Music player for macOS and iOS

Ecoute was a standalone music player application for macOS and iOS, released by PixiApps.
It was created by Louka Desroziers (Developer) and Julien Sagot (Interface Designer). The app's X page states, as of December 2025, that it has been "discontinued." The last versions were 3.0.8 for macOS and 2.5.7 for iOS.

==Mac version==
Ecoute played content, including music, videos, and podcasts, from the iTunes library. The application did not require iTunes to be launched while it used iTunes' music library, playlists, and related information such as MP3 metatags. Users were able to switch back and forth between using Ecoute and iTunes. Ecoute did not require separately importing music or information; it used the same files as iTunes.

Ecoute was a lightweight player.
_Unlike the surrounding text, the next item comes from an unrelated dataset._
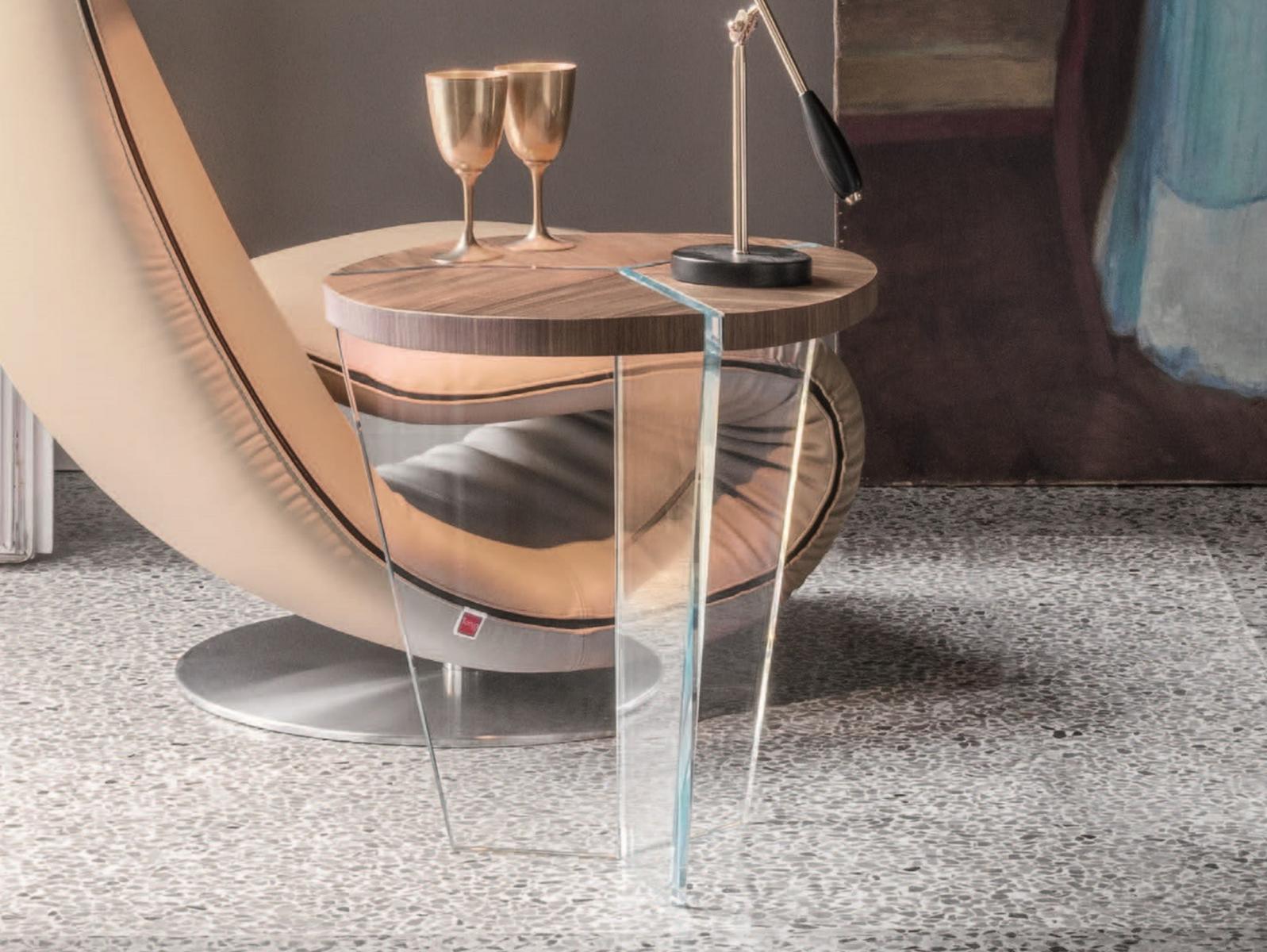 AIDA Triangular wood and glass high side table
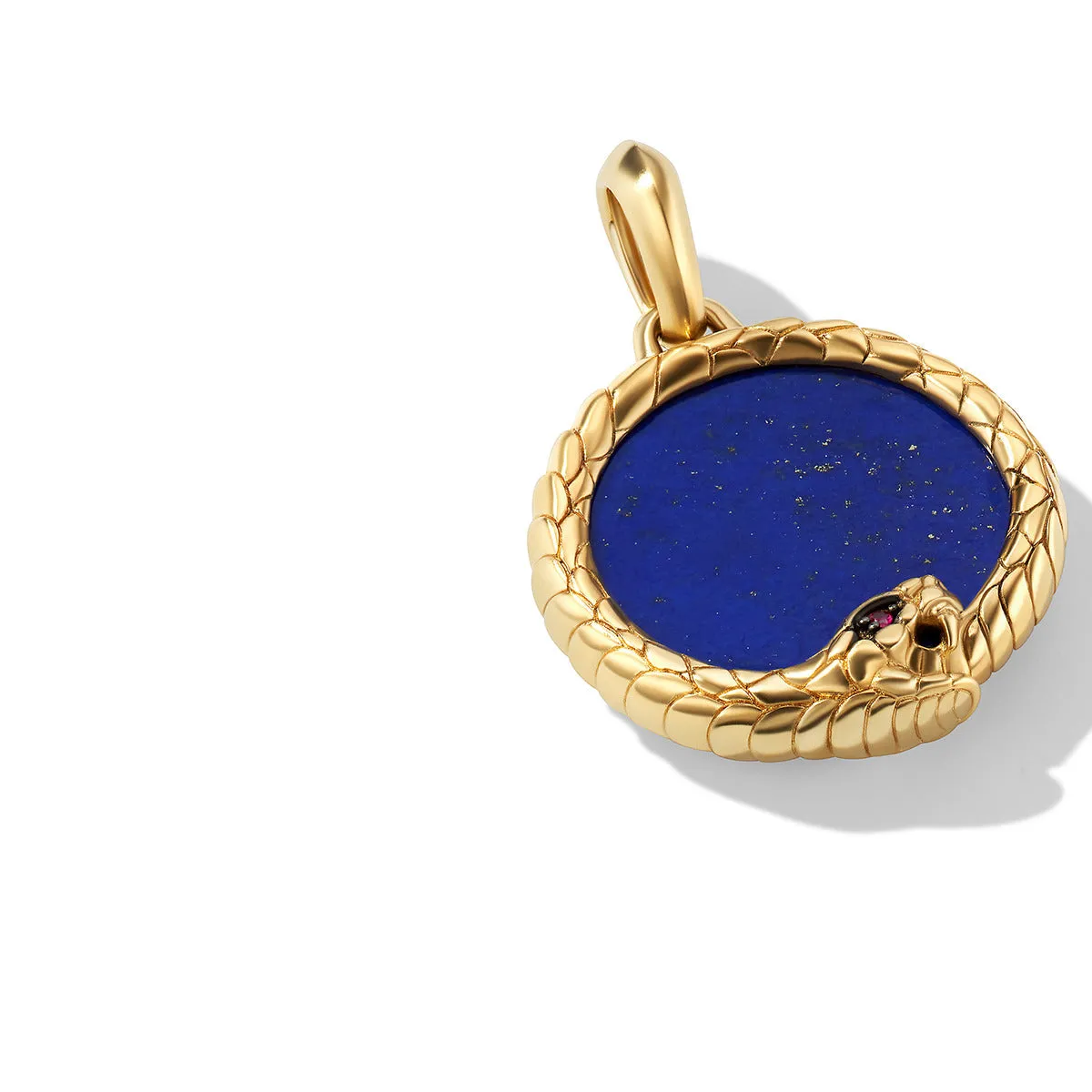 Cairo Ouroboros Amulet in 18K Yellow Gold with Lapis and Ruby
Features included the ability to search for missing artwork, and customizable themes. Users were able to share information about the music they are listening to on Facebook, Twitter, and Last.fm. Ecoute supported Growl alerts, so the listener could see exactly what was playing.

The Desktop Controller was a very simple controller that sat in the background of the desktop. It showed the album artwork, along with the details of the track currently playing and provided access to the music navigation controls.

==iOS version==
Ecoute for iOS served as a music player with Twitter integration, AirPlay support, music filters, podcast support, and more.

== Development timeline ==
20 August 2012 - The makers of Ecoute launched an official iPhone app in the App Store.

Late 2013 - Version 2 of the iOS app was released, with a makeover to take advantage of iOS 7, which had been released in September 2013.

January 2014 - Version 2.1 of the iOS app, which added queue management features, became available.

January 2019 - A comparative review of iOS music player apps called Ecoute "the once gold-standard music player" but said it was "close to abandonware at this point," since it had last been updated in 2016.

25 April 2019 - Ecoute's iOS app was last updated on this date, according to the AppAdvice site.

January 2020 - A new version of the above-cited comparative review disqualified Ecoute from its competition for receiving "just three tiny bug fixes in 2019."

As of December 2025 - The app's X page said the app has been "Discontinued," and Ecoute is no longer available in Apple's app stores for iOS or MacOS. Both versions of the app remains available for download, however, from third-party download sites.

== Reviews ==
Lukas Hermann's August 2012 review for MacStories was headlined, "Ecoute Is The Best Music Player For iOS. Period." He praised Ecoute as "a minimalist, easy to use iTunes replacement with iconic UI and many cool hotkey and playback features" and wrote, "This is what caring about good UI is really about."

Nick Mead from Softonic summarised his review as: "Ecoute is an excellent, lightweight alternative to the increasingly bloated issues that you may have been having with iTunes". Federico Viticci from MacStories described the Mac OS X version of Ecoute as a "small, powerful alternative to iTunes". Shane Richmond for The Daily Telegraph also praised the iOS application, saying that it is "much more pleasant and user-friendly design than Apple's iPod app".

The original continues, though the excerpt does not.